▶ **Exercise aim**
Within the listing below, please copy exactly the lines between the line holding "Finger painting supports" and the line holding "Correction of implant", inclusive.

▶ **Supplied data**

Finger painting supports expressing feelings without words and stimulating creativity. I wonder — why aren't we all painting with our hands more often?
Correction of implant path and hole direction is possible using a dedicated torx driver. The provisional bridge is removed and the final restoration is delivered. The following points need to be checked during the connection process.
---
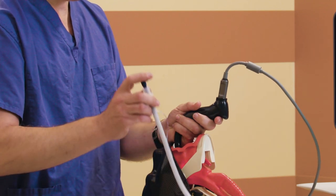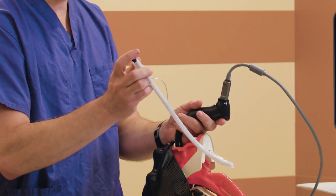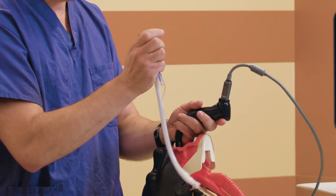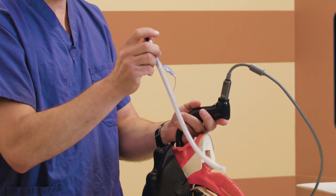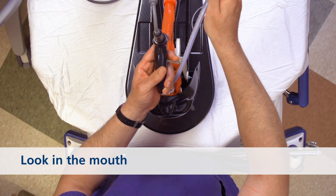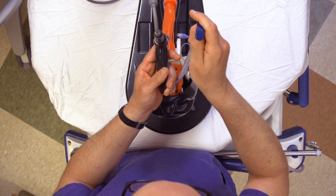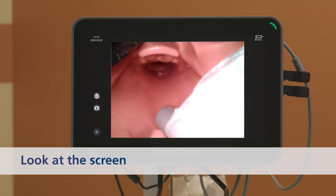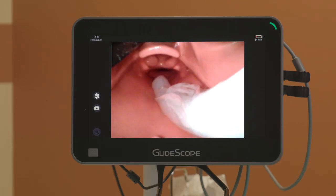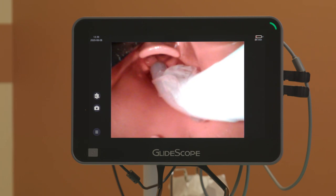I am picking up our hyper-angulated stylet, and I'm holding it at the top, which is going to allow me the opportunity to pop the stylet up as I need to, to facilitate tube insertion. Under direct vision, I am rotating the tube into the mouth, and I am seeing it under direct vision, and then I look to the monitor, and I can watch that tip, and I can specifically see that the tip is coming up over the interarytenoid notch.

▶ **Output for this exercise**
Finger painting supports expressing feelings without words and stimulating creativity. I wonder — why aren't we all painting with our hands more often?
Correction of implant path and hole direction is possible using a dedicated torx driver. The provisional bridge is removed and the final restoration is delivered. The following points need to be checked during the connection process.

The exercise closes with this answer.